It was a hot Saturday afternoon and I was crawling into a hut that just minutes earlier, I’d been covering up in blankets. I crawled in the ritualistic fashion to my spot and waited for everyone else to enter. I inhaled one last big breath of fresh air and then was plunged into total pitch blackness. Water was poured over hot stones and my heart pounded in my chest. A wave of hot, sticky heat washed over me and I sat there wanting to leave but knowing I had to stay.
This was my first Native American sweat lodge experience. A friend of mine had invited me to go and although it sounded like torture, I was intrigued to see if it could offer me anything. My sweat lasted for four rounds and took about two hours. It involved sitting in a pitch-black hut which symbolized the womb of the earth. Elders led us through two rounds of prayer, a round of singing and one last final round involving singing and group prayer.

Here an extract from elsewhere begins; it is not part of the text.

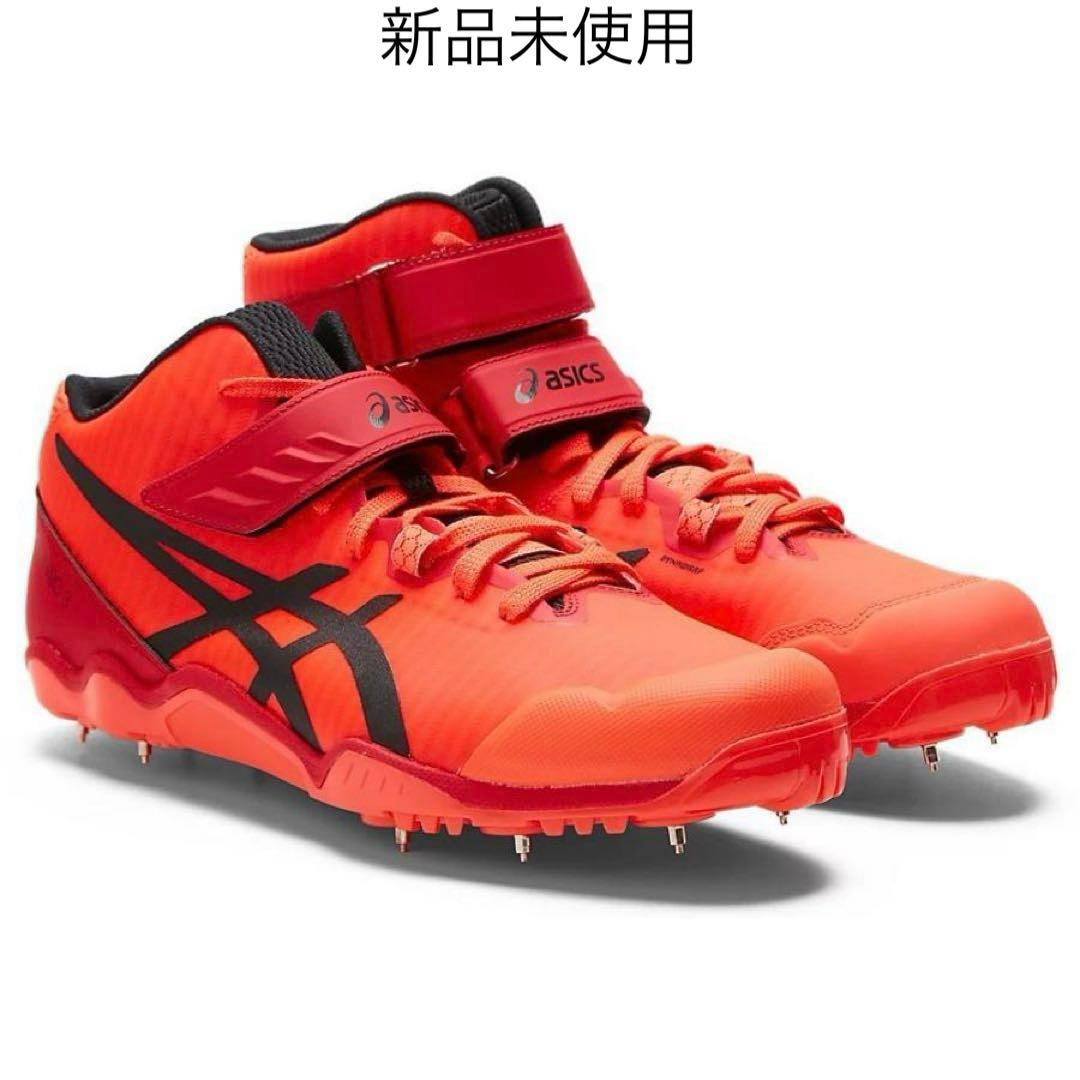【新品未使用】25cm asics アシックス JAVELIN PRO3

Shamelessly exploiting Native American culture, currently trendy sweat studios put people in individual thermal beds equipped with Netflix and designed to force-burn calories. In indigenous tradition, however, sweat lodges have nothing to do with weight loss and everything to do with purifying the mind, body, and soul. Sweats enabled people to deepen their spiritual connection and feel closer to the earth, to seek wisdom and to ask for advice. These ritual ceremonies usually took place before and after major festivals, but could also be done separately when needed.

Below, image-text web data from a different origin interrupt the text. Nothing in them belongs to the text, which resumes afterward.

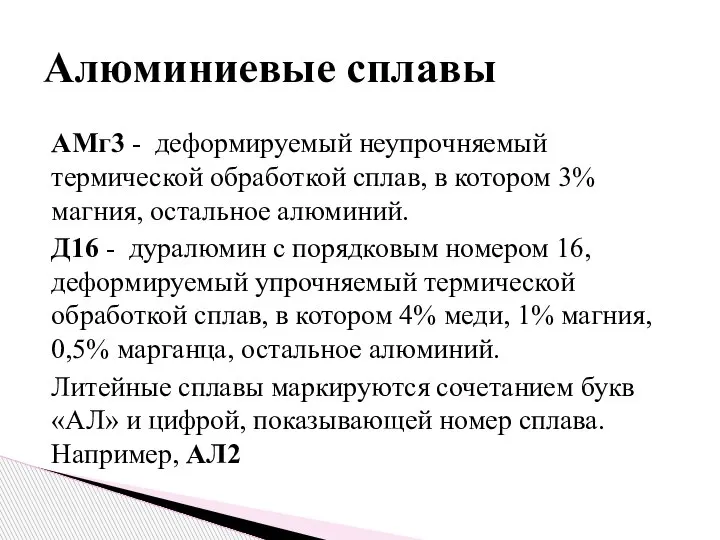 АМг3 - деформируемый неупрочняемый термической обработкой сплав, в котором 3% магния, остальное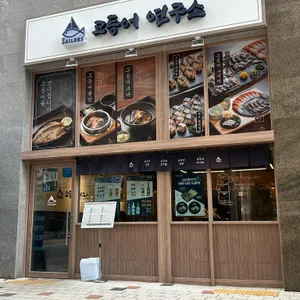 고등어연구소 리뷰 사진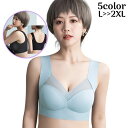 送料無料 ナイトブラ ブラトップ レディース 大きいサイズ ブラジャー インナー 下着 脇高 ノンワイヤー フルカップ シームレス 無地(4)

I should probably mention that I am horribly claustrophobic and these huts are pretty small and packed with about 20 other people. Add in the darkness and this is a recipe for a huge freakout. When I first arrived at the sweat, I was incredibly nervous but I didn’t want anyone to know. I wanted to be brave and act like this was no big deal. This combination led to me being anti-social and blunt. I felt so anxious that I couldn’t talk to people properly and I was putting up a barrier.
This made my fears even worse as it meant I was entering this scary experience alone and I didn’t have the support of those around me. As the time to enter the hut approached I realized I had to tell the elders. It was only going to make it worse if no one knew and I started to have a panic attack in there. I overcame my shyness and told her that I was really claustrophobic. She made special arrangements for me which meant if I needed to leave early it would be easier for me. Once I let go and became vulnerable about my fear I was able to interact more clearly. I became friendly and more open and started to connect with those around me.

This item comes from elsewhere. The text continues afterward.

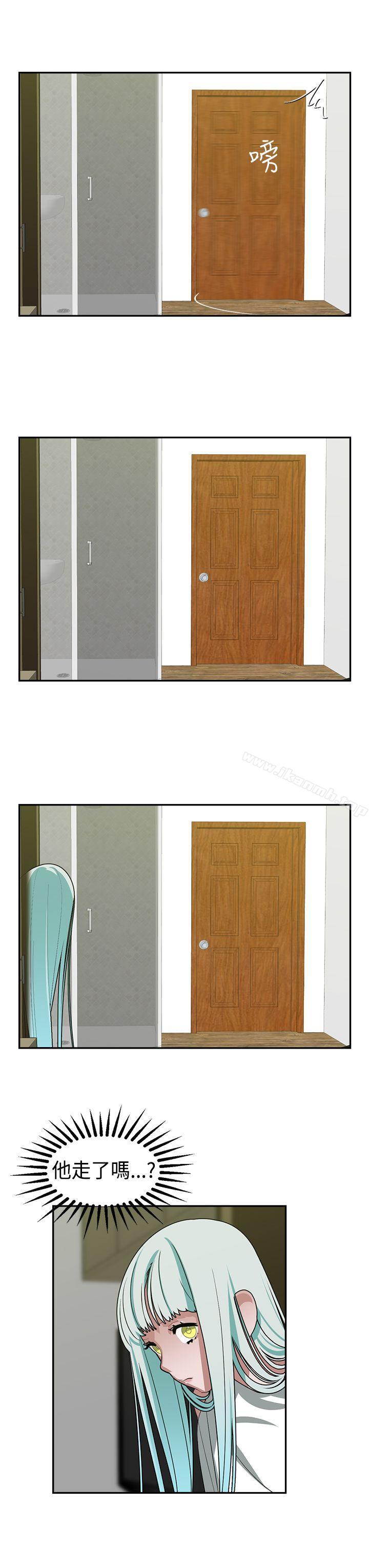 第22话-辣魅当家-JK（第13张）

By being vulnerable they too became vulnerable. They offered me support and made me feel really safe. During the sweat, we all had to share prayers and issues we wanted to resolve. The darkness of the hut made this all seem anonymous and so everyone’s vulnerabilities came out to play. We all knew one another’s darkest concerns, saddest moments and inner demons. We were all open, non-judgmental and loving.
Once the sweat was over, the shift in everyone was enormous. We were sharing and talking like we’d been friends all of our lives. We laughed about the unripe avocados someone had bought, and we talked about our dream lives. Every fear and anxiety we had was out in the open and that brought us closer together — like a family. In today’s society, vulnerability is deemed as ‘weak.’ Being strong and not showing our emotions is thought to protect us from getting hurt. Letting our insecurities show is how we can develop strong and meaningful connections.